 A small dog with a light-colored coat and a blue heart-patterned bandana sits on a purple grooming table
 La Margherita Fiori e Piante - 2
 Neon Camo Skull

# # #

The full listing above should be repeated without omission.

 A small dog with a light-colored coat and a blue heart-patterned bandana sits on a purple grooming table
 La Margherita Fiori e Piante - 2
 Neon Camo Skull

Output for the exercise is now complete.